[Data supplied Boundary: Start]

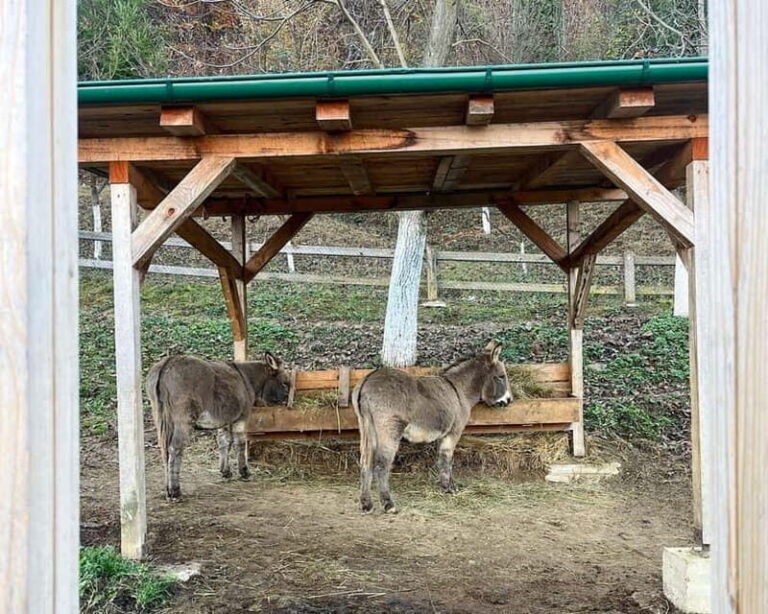 From Sarajevo: Visoko Pyramids, Plantations & Horse Riding - Farm Life and Adventure at Malak Farm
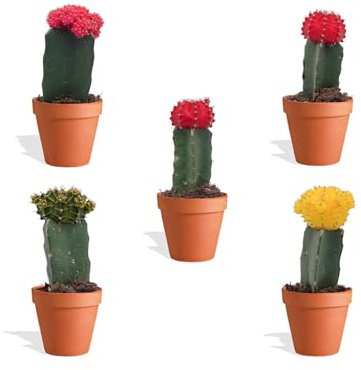 DutchLeafs Gymnocalycium Mihanovichii Mix 5 Stück Veredelte Mini Kakteen im Ø Terrakotta Blumentopf - Erdbeerkaktus Kleine Pflanzen Sammlung Pflegeleichte Zimmerpflanzen - Höhe 8-15 cm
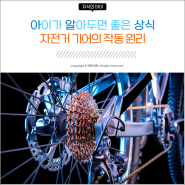 자전거 기어 작동 원리 - 기어비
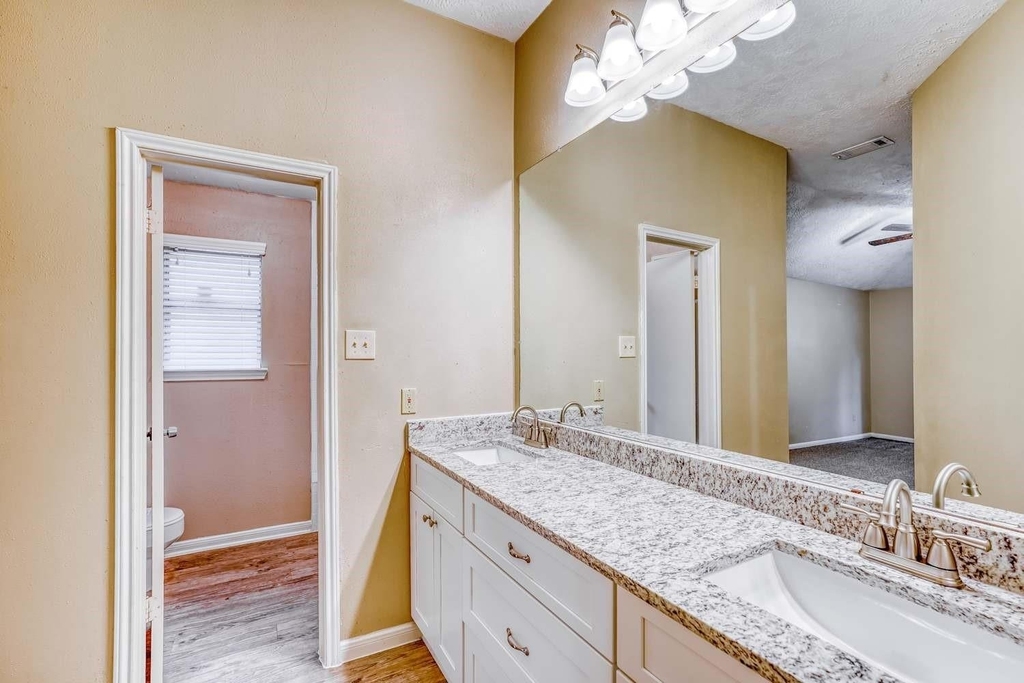 10579 Twilight Moon Drive - Photo 9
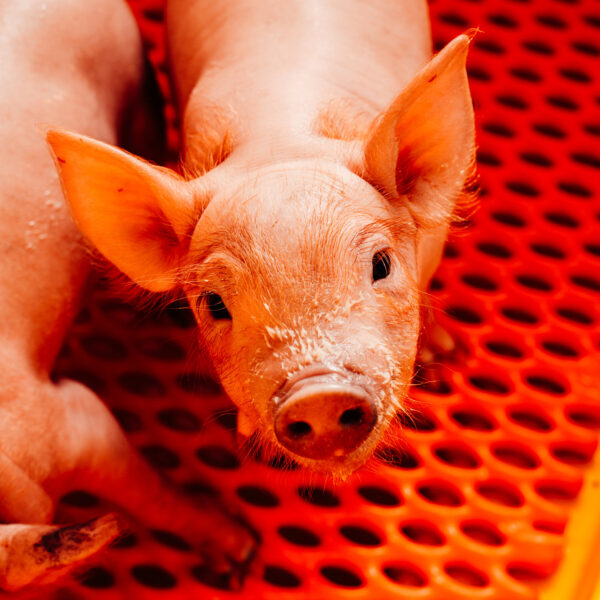 Researchers Optimistic About Solving Worldwide Organ Shortage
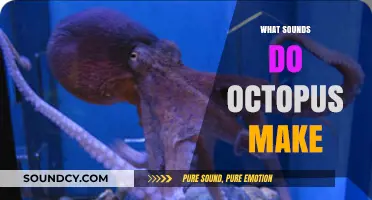 Unveiling the Mysterious Underwater Sounds of Octopuses: What Do They Communicate?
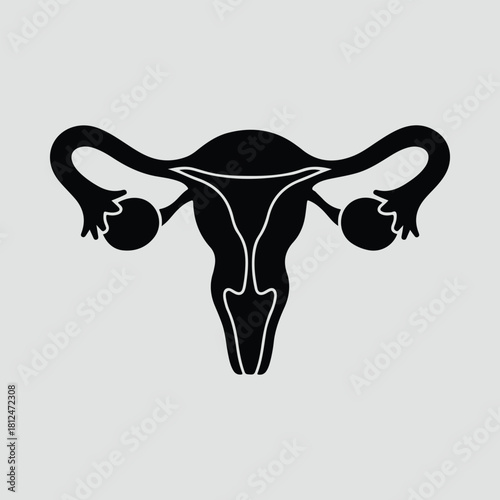 Silhouette uterus fallopian tubes and ovaries female reproductive system vector illustration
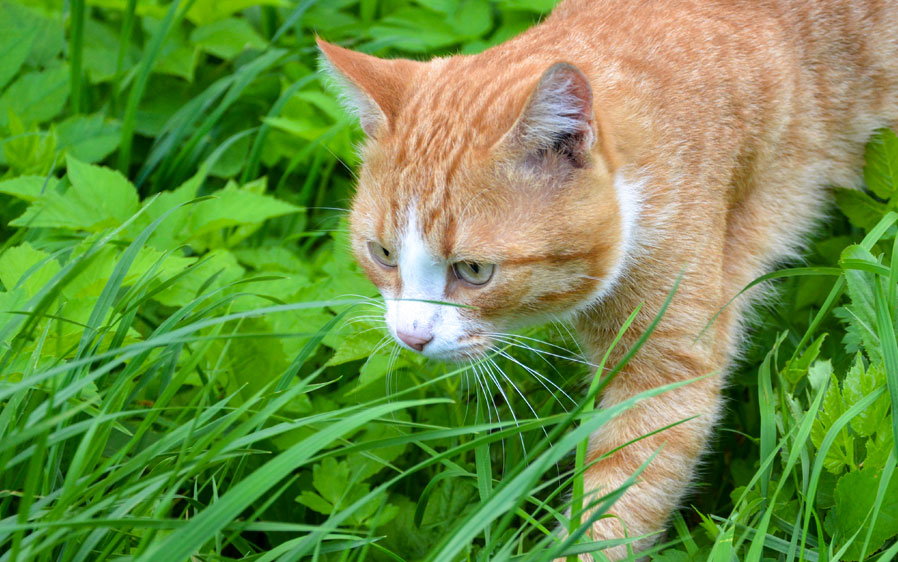 Cat in tall grass. A Hartz cat flea and tick collar provides flea and tick protection for cats and kittens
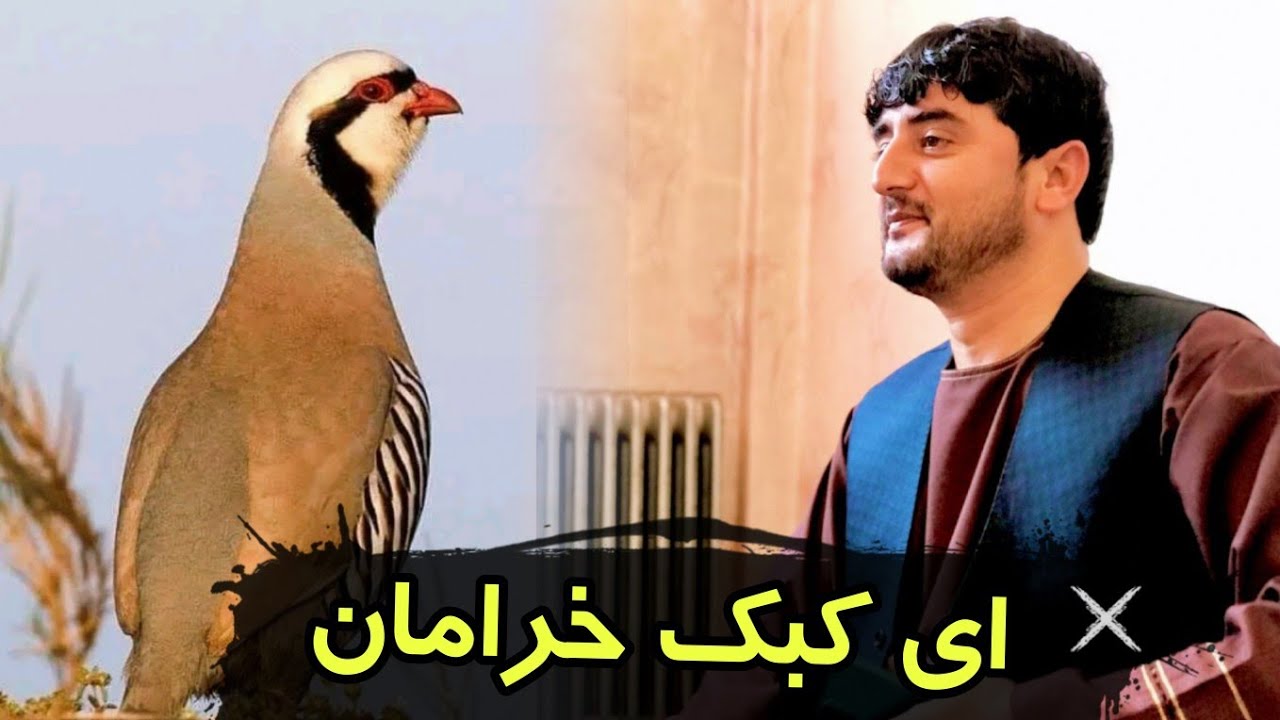 نجیب کشمی دمبوره به ثبوت - ای کبک خرامان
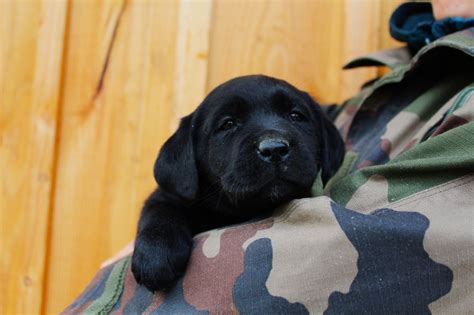 Chiots De La Race Labrador Retriever Disponibles Sur Chiots De France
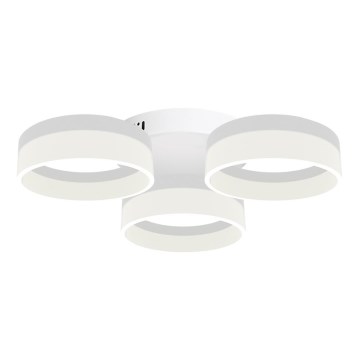 LED Stropní svítidlo RING  3xLED/12W/230V bílé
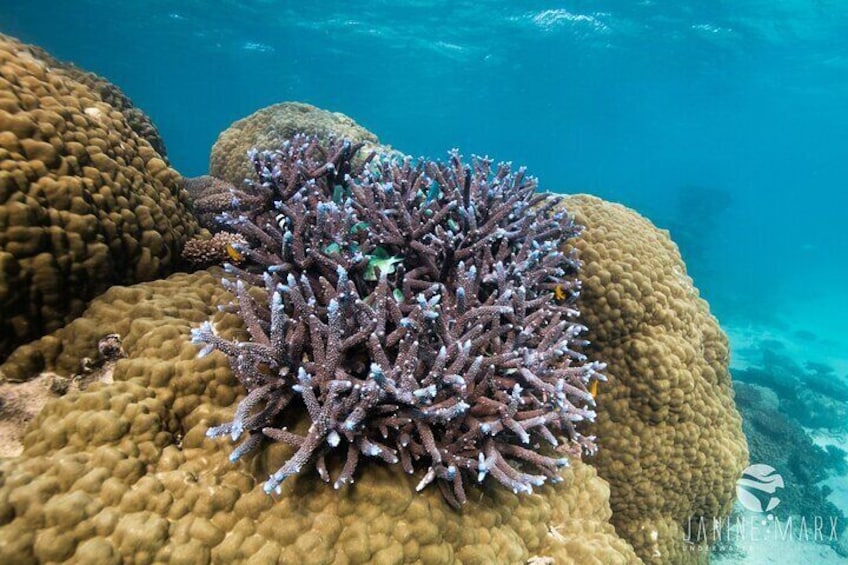 Ningaloo Reef Snorkel and Wildlife Adventure 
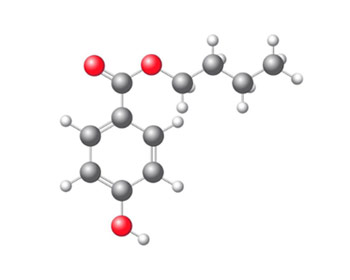 model-parabens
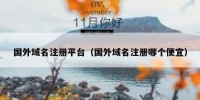 国外域名注册平台（国外域名注册哪个便宜）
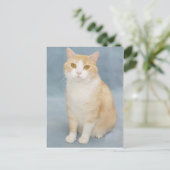 Ik geef op briefkaart (Staand voorkant)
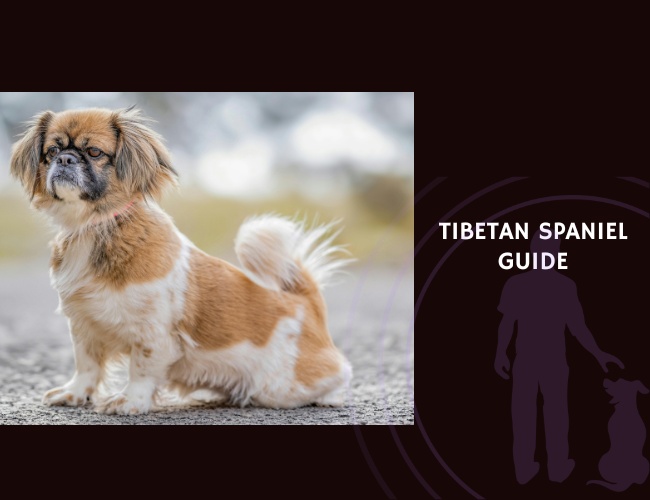 Guide to Tibetan Spaniel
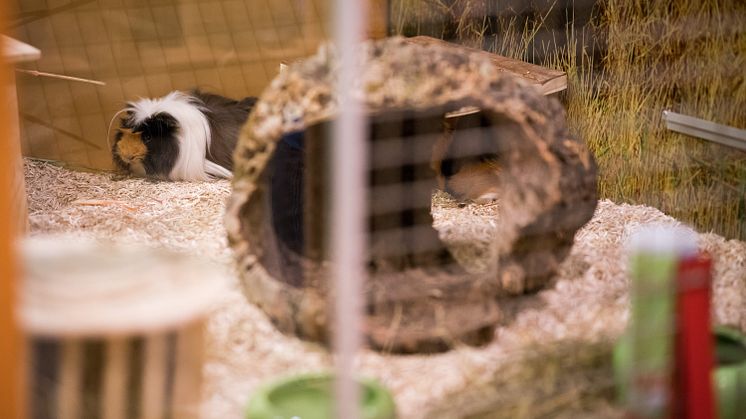 Meerschweinchen "Quincy" in der Adoptierstube Mannheim-Vogelstang
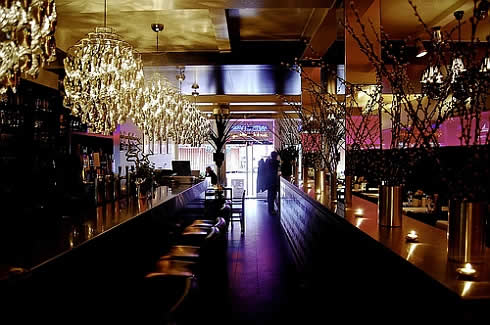 Bag Zebra Pictures: Bar Design Ideas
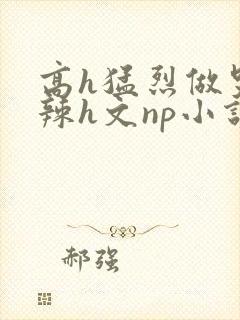 高h猛烈做哭高辣h文np小说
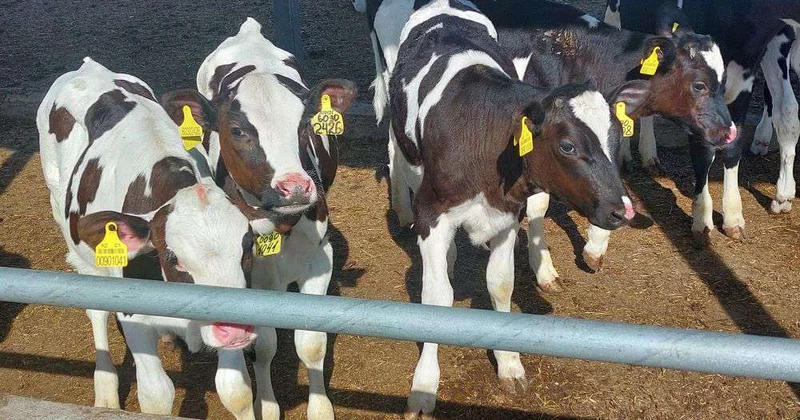 Животноводы объединились в союз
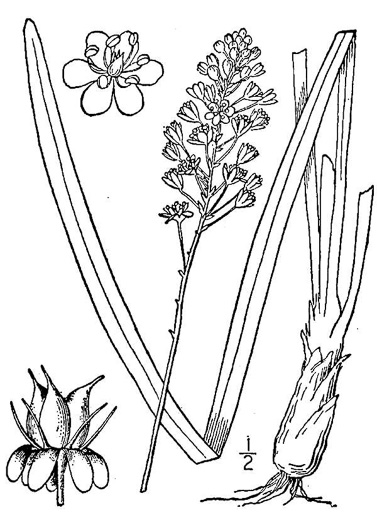 drawing of Amianthium muscitoxicum, Fly-poison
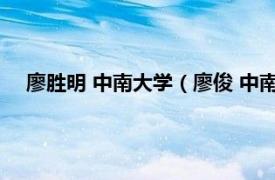 廖胜明 中南大学（廖俊 中南大学副教授相关内容简介介绍）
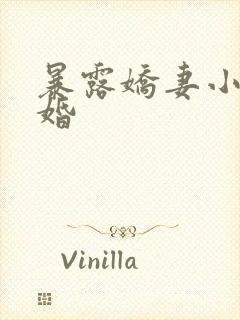 暴露娇妻小月新婚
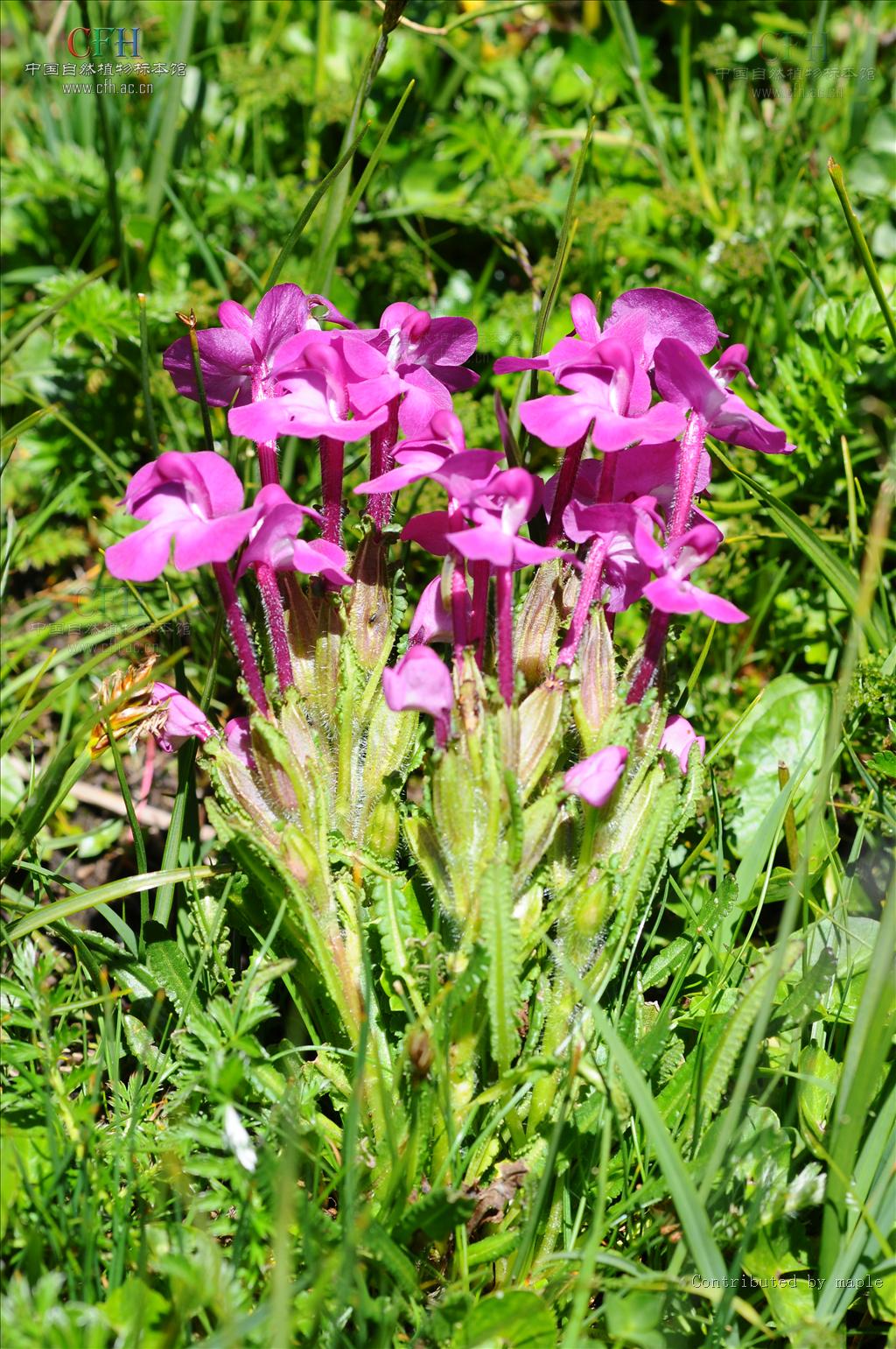  p>普氏马先蒿(学名: i>pedicularis przewalskii /i>)是 a target="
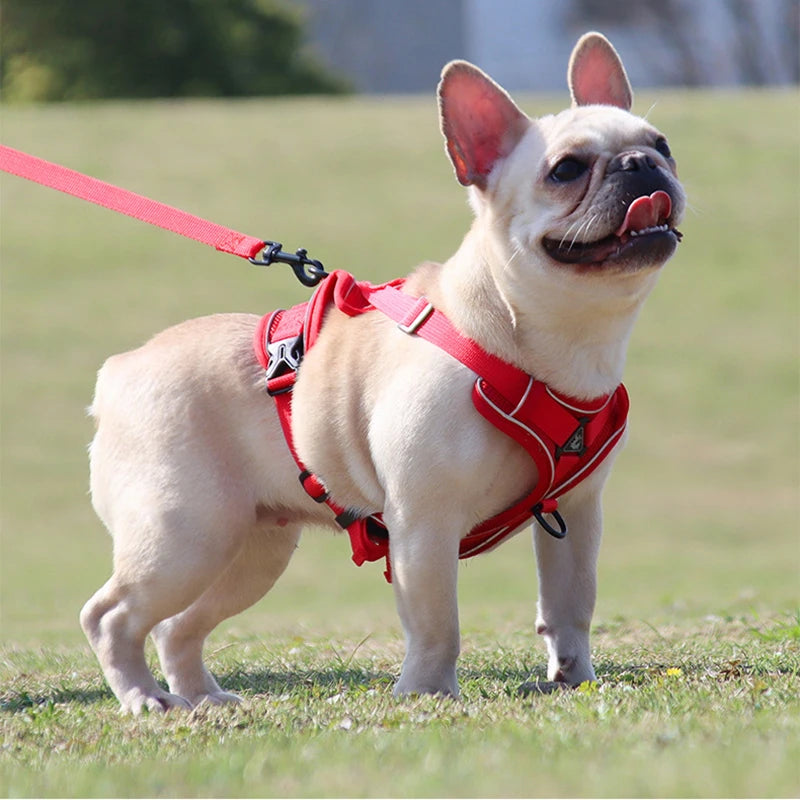 Conjunto de trela de chicote de fios do cão colete ajustável para pequeno gato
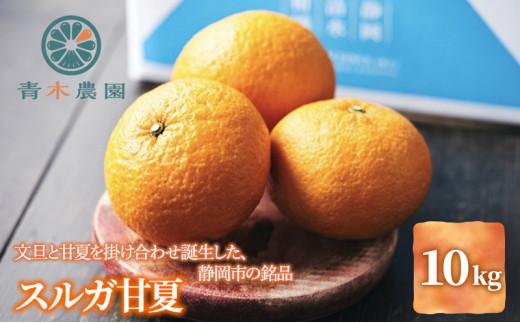 【2026年3月下旬より順次発送】青木農園 スルガ甘夏 10kg【配送不可：離島】◇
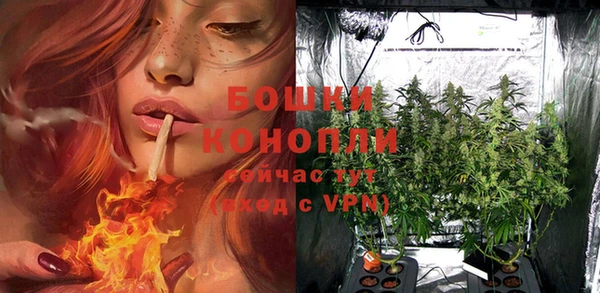 гашиш Ельня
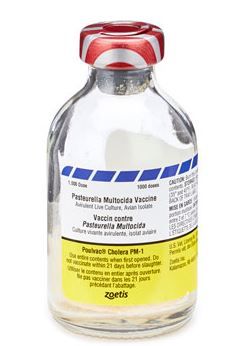 Poulvac Cholera PM-1   1000 dose    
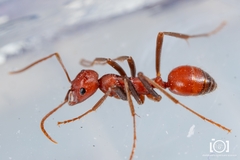 Polyergus longicornis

[Data supplied Boundary: End]

■ **The task**
Omit all pictures and repeat the rest of the records verbatim.

■ **Reply**
 From Sarajevo: Visoko Pyramids, Plantations & Horse Riding - Farm Life and Adventure at Malak Farm
 DutchLeafs Gymnocalycium Mihanovichii Mix 5 Stück Veredelte Mini Kakteen im Ø Terrakotta Blumentopf - Erdbeerkaktus Kleine Pflanzen Sammlung Pflegeleichte Zimmerpflanzen - Höhe 8-15 cm
 자전거 기어 작동 원리 - 기어비
 10579 Twilight Moon Drive - Photo 9
 Researchers Optimistic About Solving Worldwide Organ Shortage
 Unveiling the Mysterious Underwater Sounds of Octopuses: What Do They Communicate?
 Silhouette uterus fallopian tubes and ovaries female reproductive system vector illustration
 Cat in tall grass. A Hartz cat flea and tick collar provides flea and tick protection for cats and kittens
 نجیب کشمی دمبوره به ثبوت - ای کبک خرامان
 Chiots De La Race Labrador Retriever Disponibles Sur Chiots De France
 LED Stropní svítidlo RING  3xLED/12W/230V bílé
 Ningaloo Reef Snorkel and Wildlife Adventure 
 model-parabens
 国外域名注册平台（国外域名注册哪个便宜）
 Ik geef op briefkaart (Staand voorkant)
 Guide to Tibetan Spaniel
 Meerschweinchen "Quincy" in der Adoptierstube Mannheim-Vogelstang
 Bag Zebra Pictures: Bar Design Ideas
 高h猛烈做哭高辣h文np小说
 Животноводы объединились в союз
 drawing of Amianthium muscitoxicum, Fly-poison
 廖胜明 中南大学（廖俊 中南大学副教授相关内容简介介绍）
 暴露娇妻小月新婚
  p>普氏马先蒿(学名: i>pedicularis przewalskii /i>)是 a target="
 Conjunto de trela de chicote de fios do cão colete ajustável para pequeno gato
 【2026年3月下旬より順次発送】青木農園 スルガ甘夏 10kg【配送不可：離島】◇
 гашиш Ельня
 Poulvac Cholera PM-1   1000 dose    
 Polyergus longicornis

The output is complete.